"Black, David" <[email protected]> writes:

> Hi David,
>
> This looks good, although I think this "SHOULD" requirement ought to be a 
> "MUST":
>
>> >    If a host sends a SYN-only SYN+ENO segment bearing data and
>> >    subsequently receives a SYN-ACK segment without an ENO option, that
>> >    host SHOULD reset the connection even if the SYN-ACK segment does not
>> >    acknowledge the SYN data.   The issue is that unacknowledged data may
>> >    nonetheless have been cached by the receiver; later retransmissions
>> >    intended to supersede this unacknowledged data could fail to do so if
>> >    the receiver gives precedence to the cached original data.
>
> and I would clearly characterize the following as suggestions for future work:
>
>> >    Connection resets are potentially avoidable if SYN data caching is
>> >    empirically found not to occur, or in response to an API command (for
>> >    cases where a higher-layer integrity check would anyway terminate a
>> >    garbled connection).
>
> This leaves specification of circumstances in which it's ok not to reset the
> connection to a future draft that explains why that's ok.

I'm not sure I understand your suggestion.  Wouldn't changing the SHOULD
to a MUST preclude the future work you are suggesting?  I'm hoping to
reserve MUST for things that prevent future TEPs from conflicting with
one another or with TFO, not to prevent a future TEP from shooting
itself in the foot.  Shouldn't we decide whether or not it's okay to
violate this recommendation if and when somebody proposes a TEP that
violates this rule (presumably armed with a giant measurement study)?

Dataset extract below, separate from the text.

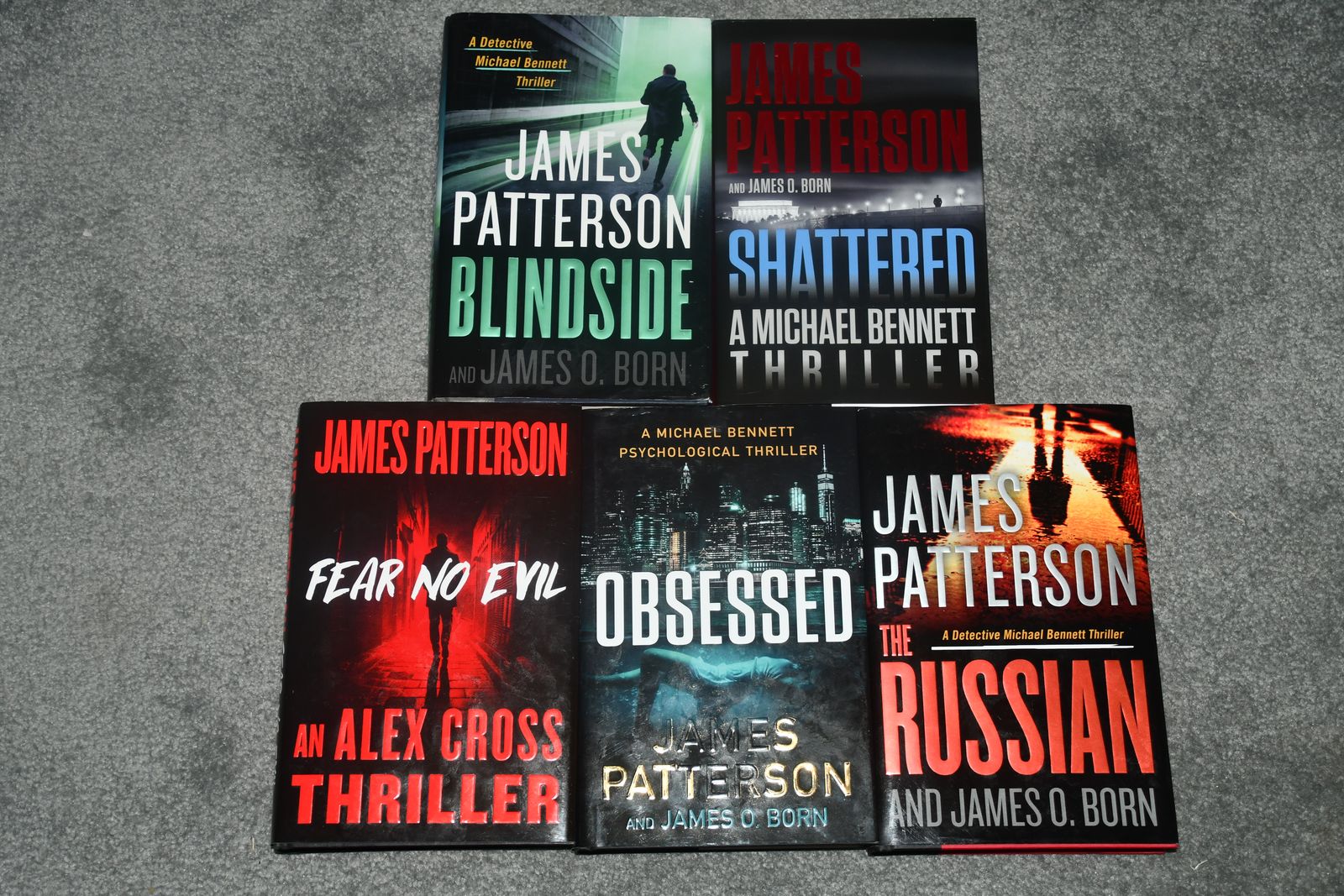 5 JAMES PATTERSON HARDCOVER BOOKS ~ BLINDSIDE, OBSESSED, FEAR NO EVIL, SHATTERED & THE RUSSIAN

Also, following the previous discussion, I've looked over the "SHOULDs"
in the document, and many of them are not followed by an explicit
exception.  Let me group them here to get your feedback about whether
this is a problem, and whether I need to be more specific in the
document.  Here's a list of types of SHOULD that are not immediately
followed by an exception:

* Many of the uses concern APIs that implementations SHOULD provide.
  The reason for the SHOULD is that in some cases this may be impossible
  or inapplicable.  For example, if you are implementing TCP-ENO inside
  a dedicated NAS server, there might not be the same notion of
  applications giving API commands.  On the other hand, these points are
  pretty important to the success of TCP-ENO, and should be followed in
  the vast majority of cases.

* "TEP specifications SHOULD refer to hosts A and B to specify
  asymmetric behavior."  Again, no explicit exemption, but the point is
  that there might be a TEP that is not asymmetric, or where some other
  optimization makes it better to specify hosts by the numeric order of
  their Diffie-Hellman parameters or something.  I suppose I could
  change that to a MAY, but if TEPs talk about active/passive openers,
  that could mess up simultaneous open.

* Implementations SHOULD provide forward secrecy.  The important point
  is that the TEPs MUST be amenable to forward secrecy.  We didn't say
  MUST for the implementation because that may not always be
  possible--e.g., implementation considerations may someday require
  keying material to be shared across servers or with a load-balancer or
  something.  We don't want to say you can't implement TCP-ENO under
  such circumstances, but we want people to think long and hard about
  the implications for confidentiality.

* Applications SHOULD authenticate endpoints, SHOULD treat session IDs
  monolithically, SHOULD use the application aware bit.  Again, these
  are all obviously very good things.  But there are so many different
  things an application can do, and so many constraints applications can
  be subject to, that it seems inappropriate for a transport-layer
  document to use MUST in regards to applications.  Anyway, we can't
  enforce what applications will do.

* Applications SHOULD migrate to option TBD from the ExID.  RFC7413 used
  the word SHOULD for exactly the same point in its IANA considerations
  section, so we just copied what those authors did.  The TCP-ENO team
  is clearly not well versed in the practice of allocating and
  specifying TCP option kind numbers, so we are happy to follow any
  specific guidance from the working group on whether to change that
  SHOULD to a MUST.

* TEPs SHOULD compute session IDs using only well-studied and
  conservative hash functions.  Here the problem is that the terms
  well-studied and conservative are subjective.  So while I think it's
  an important point people need to worry about violating, the point is
  also nebulous enough that I don't see how to enforce it with a MUST.
  Put another way, the hash functions SHOULD be as conservative as
  practical, with an implicit exception where more conservative hash
  functions are not practical.

* We say the non-SYN-form ENO option SHOULD be 0 bytes if not otherwise
  specified by the TEP, but I'll change that to a MUST in the next
  draft, since it doesn't matter anyway.